We woonden toen op de Maliesingel, tegenover de Sterrenwacht, bij de moeder van een tante van mij: oma Meijer. We woonden op de derde verdieping van een groot pand en het was de gewoonte dat ik iedere middag thuis lunchte. Na de lunch vertrok ik dan weer met een goed gevulde maag op de fiets naar kantoor. Het was Florence haar gewoonte me na de lunch uit te zwaaien. Dit ging zo nu dan gepaard met flink op de ruiten bonzen. Dat was eens zo heftig dat de ruit aan diggelen ging en ik beneden op straat, gebogen over mijn fietstas, de scherven op mijn hoofd kreeg.

Later, toen ze op de lagere school zat, heb ik me flink vermaakt om haar imitatie van “Lawrence of Arabia”. Lawrence of Arabia was de hoofdpersoon in een 3,5 uur durende speelfilm uit 1962. Ik denk dat we die film eind zeventiger jaren op video gehuurd hebben en vervolgens heeft ze, samen met Démiencke, de film talloze malen afgespeeld. Die film maakte zoveel indruk op haar dat ze als Lawrence of Arabia, gekleed in omgeslagen lakens, over straat rende en onder het luid uitroepen van Akaba – de in de film te veroveren havenstad in Jordanië – de

voorbijgangers schrik aanjoeg. Daarbij zwaaide ze ook nog eens met een namaakzwaard wild om zich heen.
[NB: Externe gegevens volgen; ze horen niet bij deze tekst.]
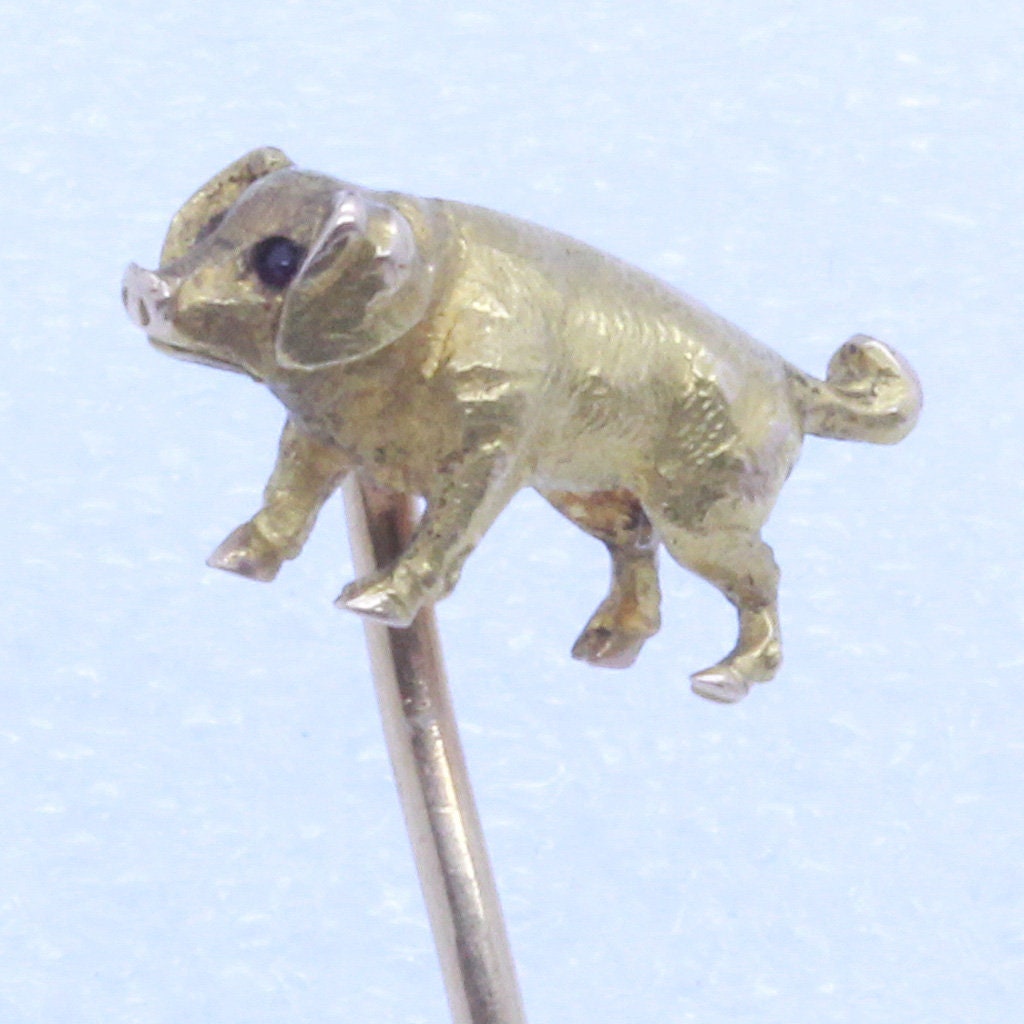 Antique Victorian Brooch 18K Gold French Bulldog Safety Pin Unisex Clasp (7325)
Als Florence jarig was dan was ze natuurlijk gespannen omtrent de vraag wat voor een verjaardagscadeaus er op haar lagen te wachten en wat we zouden gaan doen.

Ze was enig kind en we wilden haar natuurlijk wel verwennen. Toch wilden we het een beetje binnen de perken houden, althans wat de cadeaus betreft. We wilden niet, zoals je tegenwoordig vaak ziet, haar helemaal bedelven onder de cadeaus en we wilden – gelijk ik vroeger ontving – haar ook iets nuttigs of educatiefs schenken.

We probeerden er in elk geval een echte feestdag van te maken. Om te beginnen wilden we haar verrassen met een versierd huis en ook met een verjaarspartijtje en dan niet een feestje voor de ouders maar uitsluitend voor haar en haar vriendinnetjes.

Bang zijn voor Sinterklaas of, in dit geval, zenuwachtig zijn voor een verjaardag vonden we niks voor een opgroeiend kind, dus daar stuurden we allerminst op aan.

De verjaarspartijtjes waren altijd heel gezellig, althans die indruk hadden wij. Naast een consumptief karakter moest een verjaarspartijtje ook iets inspannends hebben. De hele middag zitten op een stoel en gevoerd worden, vonden we geen echte verjaardag.

De leukste verjaardagen van Florence die ik me kan herinneren waren de verjaardagen die we in het centrum van de stad vierden met bijvoorbeeld het beklimmen van de Domtoren en de verjaardag die we in het bos hadden georganiseerd met een speurtocht en het schatgraven met als dubieus hoogtepunt het niet kunnen terugvinden van de schat.

Daags na die verjaardag, gewapend met een spa, ben ik wederom aan het graven geslagen en heb ik uiteindelijk toch de schatkist boven de grond weten te toveren, waarna de inhoud alsnog zijn weg naar de doelgroep vond.

We hielden bij ons thuis veel van lezen. Voorlezen deden we regelmatig. Toen Florence nog heel klein was – op de Maliesingel -, was het haar moeder die voorlas uit allerlei kinderboeken. Na het voorlezen was het mijn beurt om haar naar bed te brengen. Dan moest ik Florence op mijn nek nemen en rondrennen door het huis en vervolgens de trap op naar de zolderverdieping, alwaar de slaapkamers zich bevonden.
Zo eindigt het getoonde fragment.